** TASK BRIEF **
Everything from the first line below through the line with "If you enjoyed" is to be transcribed exactly, and nothing past it.

** DATA TO EXAMINE **
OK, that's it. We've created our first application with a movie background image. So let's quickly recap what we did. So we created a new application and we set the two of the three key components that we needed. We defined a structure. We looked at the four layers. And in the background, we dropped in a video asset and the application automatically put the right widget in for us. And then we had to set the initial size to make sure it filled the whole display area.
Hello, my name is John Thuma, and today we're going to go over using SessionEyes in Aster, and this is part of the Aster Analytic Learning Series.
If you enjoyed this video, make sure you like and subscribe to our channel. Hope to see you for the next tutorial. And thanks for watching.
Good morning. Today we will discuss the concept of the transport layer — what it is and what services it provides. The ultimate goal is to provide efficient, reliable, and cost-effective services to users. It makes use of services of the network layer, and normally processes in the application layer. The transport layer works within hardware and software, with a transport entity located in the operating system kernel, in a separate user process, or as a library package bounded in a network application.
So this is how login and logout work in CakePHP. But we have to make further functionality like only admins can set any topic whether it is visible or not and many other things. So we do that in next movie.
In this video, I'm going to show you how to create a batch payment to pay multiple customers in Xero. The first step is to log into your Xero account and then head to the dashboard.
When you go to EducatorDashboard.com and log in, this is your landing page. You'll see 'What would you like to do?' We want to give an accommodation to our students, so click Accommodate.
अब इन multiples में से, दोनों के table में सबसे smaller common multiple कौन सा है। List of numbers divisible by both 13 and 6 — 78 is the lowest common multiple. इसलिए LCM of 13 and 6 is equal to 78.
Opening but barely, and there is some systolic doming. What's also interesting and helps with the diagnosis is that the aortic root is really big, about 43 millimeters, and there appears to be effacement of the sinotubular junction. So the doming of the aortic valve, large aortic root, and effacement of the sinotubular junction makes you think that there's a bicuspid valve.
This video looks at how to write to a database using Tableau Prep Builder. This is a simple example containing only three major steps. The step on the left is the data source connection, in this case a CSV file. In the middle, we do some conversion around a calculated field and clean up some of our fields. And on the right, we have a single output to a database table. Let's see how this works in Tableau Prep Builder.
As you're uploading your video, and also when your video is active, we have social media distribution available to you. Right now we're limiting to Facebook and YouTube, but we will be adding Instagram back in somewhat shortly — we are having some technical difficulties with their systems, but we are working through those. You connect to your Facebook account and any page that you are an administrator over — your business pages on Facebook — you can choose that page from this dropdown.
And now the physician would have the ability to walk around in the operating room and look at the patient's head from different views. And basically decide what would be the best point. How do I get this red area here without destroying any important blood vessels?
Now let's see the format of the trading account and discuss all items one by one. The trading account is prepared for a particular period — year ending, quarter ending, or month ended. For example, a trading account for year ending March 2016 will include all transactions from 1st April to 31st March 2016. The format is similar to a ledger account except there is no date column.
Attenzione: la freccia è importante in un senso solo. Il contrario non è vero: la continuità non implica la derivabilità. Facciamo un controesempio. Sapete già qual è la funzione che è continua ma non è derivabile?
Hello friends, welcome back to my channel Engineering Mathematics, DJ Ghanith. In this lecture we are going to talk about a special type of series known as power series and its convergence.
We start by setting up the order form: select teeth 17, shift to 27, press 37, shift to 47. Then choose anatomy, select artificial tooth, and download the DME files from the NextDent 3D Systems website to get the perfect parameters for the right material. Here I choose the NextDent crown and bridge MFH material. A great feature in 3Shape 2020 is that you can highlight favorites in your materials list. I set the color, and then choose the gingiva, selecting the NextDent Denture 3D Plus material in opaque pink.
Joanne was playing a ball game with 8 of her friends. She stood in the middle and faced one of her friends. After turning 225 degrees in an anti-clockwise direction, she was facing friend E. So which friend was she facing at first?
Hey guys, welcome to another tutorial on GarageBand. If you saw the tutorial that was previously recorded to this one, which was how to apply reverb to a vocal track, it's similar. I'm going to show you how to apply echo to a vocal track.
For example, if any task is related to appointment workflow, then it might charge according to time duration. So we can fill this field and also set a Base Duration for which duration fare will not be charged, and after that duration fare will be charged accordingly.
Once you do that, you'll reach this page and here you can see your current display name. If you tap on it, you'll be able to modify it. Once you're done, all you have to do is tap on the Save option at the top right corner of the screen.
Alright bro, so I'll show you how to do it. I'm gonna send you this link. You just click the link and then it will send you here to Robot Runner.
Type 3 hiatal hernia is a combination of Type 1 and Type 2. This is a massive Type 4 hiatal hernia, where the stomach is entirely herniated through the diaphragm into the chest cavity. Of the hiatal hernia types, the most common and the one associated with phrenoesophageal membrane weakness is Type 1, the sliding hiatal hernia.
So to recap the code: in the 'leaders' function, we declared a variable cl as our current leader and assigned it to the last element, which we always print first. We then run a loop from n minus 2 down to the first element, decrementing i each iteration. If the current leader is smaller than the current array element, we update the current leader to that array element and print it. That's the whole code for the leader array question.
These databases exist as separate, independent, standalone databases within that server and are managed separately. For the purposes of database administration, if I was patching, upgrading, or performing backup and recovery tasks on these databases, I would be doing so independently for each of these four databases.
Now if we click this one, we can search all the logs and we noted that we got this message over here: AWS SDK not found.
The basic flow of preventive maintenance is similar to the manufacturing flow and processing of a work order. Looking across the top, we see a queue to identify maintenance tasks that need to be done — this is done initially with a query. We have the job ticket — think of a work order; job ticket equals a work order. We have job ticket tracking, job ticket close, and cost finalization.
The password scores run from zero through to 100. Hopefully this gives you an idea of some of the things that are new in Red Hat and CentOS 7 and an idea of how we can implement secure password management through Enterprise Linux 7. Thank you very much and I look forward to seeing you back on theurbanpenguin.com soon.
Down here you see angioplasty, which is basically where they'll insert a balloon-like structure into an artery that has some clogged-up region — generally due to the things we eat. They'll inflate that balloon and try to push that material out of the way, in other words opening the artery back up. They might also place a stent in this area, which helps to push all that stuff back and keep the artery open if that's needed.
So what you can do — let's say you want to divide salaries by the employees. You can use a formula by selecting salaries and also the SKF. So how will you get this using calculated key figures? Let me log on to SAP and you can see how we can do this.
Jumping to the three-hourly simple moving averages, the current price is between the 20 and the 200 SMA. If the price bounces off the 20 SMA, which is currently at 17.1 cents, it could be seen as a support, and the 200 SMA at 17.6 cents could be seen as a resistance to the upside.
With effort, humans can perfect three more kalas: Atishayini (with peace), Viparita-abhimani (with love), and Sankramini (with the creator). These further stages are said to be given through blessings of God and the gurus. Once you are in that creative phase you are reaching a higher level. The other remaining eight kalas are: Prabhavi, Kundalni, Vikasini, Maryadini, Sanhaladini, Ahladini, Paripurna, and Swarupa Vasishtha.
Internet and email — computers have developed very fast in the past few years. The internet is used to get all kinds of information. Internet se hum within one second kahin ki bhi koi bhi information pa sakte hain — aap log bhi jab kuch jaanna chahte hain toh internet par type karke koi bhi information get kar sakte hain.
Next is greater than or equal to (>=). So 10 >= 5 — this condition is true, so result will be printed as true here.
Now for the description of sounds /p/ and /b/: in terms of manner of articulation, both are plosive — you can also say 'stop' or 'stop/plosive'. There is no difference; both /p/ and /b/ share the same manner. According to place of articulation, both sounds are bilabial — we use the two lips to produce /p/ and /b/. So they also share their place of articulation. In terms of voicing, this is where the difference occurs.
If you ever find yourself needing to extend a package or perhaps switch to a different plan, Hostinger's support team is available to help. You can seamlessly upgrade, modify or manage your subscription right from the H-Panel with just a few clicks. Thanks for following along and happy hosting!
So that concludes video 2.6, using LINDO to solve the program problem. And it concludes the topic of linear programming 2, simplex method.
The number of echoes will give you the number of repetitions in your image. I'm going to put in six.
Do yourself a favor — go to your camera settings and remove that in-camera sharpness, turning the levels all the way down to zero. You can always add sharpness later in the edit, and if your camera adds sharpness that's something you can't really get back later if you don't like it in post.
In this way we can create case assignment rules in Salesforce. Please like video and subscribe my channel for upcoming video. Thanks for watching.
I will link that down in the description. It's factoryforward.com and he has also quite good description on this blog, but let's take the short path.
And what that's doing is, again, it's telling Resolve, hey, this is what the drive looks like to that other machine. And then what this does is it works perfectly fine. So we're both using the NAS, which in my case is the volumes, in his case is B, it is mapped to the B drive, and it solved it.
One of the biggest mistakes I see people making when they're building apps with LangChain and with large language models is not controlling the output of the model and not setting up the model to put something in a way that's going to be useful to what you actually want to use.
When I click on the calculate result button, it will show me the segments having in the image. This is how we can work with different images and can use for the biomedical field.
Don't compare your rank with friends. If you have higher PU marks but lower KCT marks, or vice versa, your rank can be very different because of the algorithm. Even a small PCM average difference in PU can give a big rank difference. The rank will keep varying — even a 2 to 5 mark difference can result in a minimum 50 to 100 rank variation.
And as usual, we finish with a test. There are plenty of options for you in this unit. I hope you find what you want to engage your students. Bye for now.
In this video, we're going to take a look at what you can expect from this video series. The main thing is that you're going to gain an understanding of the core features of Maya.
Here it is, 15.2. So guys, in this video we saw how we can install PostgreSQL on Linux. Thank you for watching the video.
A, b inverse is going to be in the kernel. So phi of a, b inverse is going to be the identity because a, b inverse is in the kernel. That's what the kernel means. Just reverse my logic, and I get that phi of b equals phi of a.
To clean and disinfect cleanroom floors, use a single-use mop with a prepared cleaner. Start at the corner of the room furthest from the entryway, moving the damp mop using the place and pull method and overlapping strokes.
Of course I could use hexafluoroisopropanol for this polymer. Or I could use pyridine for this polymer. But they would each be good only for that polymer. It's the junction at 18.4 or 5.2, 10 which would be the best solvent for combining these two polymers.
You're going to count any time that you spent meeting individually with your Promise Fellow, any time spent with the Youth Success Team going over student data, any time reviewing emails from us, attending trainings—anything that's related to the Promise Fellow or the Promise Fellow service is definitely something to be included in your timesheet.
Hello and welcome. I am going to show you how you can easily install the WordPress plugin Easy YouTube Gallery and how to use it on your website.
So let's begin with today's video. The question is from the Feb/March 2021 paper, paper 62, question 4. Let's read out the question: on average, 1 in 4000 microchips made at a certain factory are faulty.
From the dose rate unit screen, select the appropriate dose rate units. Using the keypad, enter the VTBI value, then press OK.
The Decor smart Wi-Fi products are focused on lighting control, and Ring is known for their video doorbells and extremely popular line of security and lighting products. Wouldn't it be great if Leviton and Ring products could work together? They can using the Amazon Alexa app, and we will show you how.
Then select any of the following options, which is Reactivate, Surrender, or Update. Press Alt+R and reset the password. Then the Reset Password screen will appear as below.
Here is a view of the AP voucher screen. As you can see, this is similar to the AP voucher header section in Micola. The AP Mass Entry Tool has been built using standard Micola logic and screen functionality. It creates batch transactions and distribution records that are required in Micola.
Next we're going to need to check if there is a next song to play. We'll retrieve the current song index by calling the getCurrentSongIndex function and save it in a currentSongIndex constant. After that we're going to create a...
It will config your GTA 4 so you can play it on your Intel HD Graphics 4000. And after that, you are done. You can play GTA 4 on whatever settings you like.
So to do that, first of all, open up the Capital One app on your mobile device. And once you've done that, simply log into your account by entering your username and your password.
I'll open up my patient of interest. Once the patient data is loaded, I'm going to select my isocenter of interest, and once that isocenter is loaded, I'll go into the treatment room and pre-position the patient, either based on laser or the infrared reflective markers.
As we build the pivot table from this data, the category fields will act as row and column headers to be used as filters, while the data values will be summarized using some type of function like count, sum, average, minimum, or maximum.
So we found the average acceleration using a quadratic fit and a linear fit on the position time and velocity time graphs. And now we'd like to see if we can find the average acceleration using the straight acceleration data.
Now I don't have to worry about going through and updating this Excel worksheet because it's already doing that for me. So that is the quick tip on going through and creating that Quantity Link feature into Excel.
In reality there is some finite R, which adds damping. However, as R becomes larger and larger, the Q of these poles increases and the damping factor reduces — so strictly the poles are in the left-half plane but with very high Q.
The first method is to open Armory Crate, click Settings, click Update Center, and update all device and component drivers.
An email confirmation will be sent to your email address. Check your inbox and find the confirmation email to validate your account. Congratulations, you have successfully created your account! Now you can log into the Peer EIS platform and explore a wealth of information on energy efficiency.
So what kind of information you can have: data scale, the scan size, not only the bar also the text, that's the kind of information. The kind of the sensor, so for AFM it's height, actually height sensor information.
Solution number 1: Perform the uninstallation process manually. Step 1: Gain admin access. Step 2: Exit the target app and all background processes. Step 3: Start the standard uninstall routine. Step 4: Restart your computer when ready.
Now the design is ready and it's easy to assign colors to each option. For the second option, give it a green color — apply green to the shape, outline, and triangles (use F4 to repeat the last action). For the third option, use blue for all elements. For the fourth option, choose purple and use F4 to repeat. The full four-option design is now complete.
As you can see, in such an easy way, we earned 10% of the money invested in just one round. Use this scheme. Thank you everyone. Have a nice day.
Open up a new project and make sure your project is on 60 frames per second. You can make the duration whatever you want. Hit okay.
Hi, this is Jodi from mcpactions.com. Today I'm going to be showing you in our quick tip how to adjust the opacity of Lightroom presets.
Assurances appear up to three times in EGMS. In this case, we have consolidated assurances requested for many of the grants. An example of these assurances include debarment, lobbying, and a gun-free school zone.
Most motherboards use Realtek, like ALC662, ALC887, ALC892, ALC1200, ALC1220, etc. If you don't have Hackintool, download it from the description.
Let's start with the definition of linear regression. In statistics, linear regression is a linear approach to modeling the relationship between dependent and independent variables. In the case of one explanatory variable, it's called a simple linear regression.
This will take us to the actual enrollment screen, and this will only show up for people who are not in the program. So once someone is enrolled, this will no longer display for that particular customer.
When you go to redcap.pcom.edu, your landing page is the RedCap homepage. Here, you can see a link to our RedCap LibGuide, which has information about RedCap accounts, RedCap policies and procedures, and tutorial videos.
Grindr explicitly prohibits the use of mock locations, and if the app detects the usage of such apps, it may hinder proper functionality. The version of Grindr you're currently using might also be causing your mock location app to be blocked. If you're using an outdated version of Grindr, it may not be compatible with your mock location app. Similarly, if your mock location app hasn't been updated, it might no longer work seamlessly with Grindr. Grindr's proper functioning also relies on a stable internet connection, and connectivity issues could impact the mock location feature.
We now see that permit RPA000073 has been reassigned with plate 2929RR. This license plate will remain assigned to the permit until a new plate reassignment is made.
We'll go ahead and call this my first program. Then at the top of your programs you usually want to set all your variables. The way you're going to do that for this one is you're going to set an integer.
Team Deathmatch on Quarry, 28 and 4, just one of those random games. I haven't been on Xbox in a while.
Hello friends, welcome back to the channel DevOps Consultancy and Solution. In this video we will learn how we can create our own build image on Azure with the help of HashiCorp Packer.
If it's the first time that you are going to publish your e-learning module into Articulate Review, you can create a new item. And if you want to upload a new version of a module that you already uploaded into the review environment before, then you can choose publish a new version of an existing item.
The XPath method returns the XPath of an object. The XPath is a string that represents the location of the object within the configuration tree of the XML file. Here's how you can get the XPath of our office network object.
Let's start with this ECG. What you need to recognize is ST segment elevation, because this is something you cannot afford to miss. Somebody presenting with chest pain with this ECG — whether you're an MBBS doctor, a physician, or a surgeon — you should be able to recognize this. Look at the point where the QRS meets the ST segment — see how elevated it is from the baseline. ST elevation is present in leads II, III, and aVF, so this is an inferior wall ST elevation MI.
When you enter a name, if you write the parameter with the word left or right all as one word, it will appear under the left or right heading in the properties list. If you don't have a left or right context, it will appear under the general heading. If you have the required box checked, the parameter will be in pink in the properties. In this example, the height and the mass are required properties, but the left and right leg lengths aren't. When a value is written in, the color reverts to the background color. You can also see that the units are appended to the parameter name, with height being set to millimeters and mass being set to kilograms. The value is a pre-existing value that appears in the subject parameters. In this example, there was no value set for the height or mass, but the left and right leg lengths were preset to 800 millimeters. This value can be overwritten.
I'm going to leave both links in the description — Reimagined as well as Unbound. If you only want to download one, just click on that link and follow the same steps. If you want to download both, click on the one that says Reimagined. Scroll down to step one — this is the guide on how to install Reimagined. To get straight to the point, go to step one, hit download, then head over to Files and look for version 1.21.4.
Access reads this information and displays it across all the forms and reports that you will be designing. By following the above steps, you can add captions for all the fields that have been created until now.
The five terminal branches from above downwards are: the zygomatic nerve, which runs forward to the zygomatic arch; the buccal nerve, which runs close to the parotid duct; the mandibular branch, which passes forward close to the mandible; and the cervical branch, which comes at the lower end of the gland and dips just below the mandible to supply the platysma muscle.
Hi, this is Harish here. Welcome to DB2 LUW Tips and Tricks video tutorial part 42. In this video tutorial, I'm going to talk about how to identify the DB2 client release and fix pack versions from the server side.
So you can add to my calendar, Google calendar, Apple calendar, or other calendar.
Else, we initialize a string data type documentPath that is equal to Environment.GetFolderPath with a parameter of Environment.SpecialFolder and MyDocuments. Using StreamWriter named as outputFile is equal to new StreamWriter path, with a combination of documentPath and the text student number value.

** THE COMPLETED TASK **
OK, that's it. We've created our first application with a movie background image. So let's quickly recap what we did. So we created a new application and we set the two of the three key components that we needed. We defined a structure. We looked at the four layers. And in the background, we dropped in a video asset and the application automatically put the right widget in for us. And then we had to set the initial size to make sure it filled the whole display area.
Hello, my name is John Thuma, and today we're going to go over using SessionEyes in Aster, and this is part of the Aster Analytic Learning Series.
If you enjoyed this video, make sure you like and subscribe to our channel. Hope to see you for the next tutorial. And thanks for watching.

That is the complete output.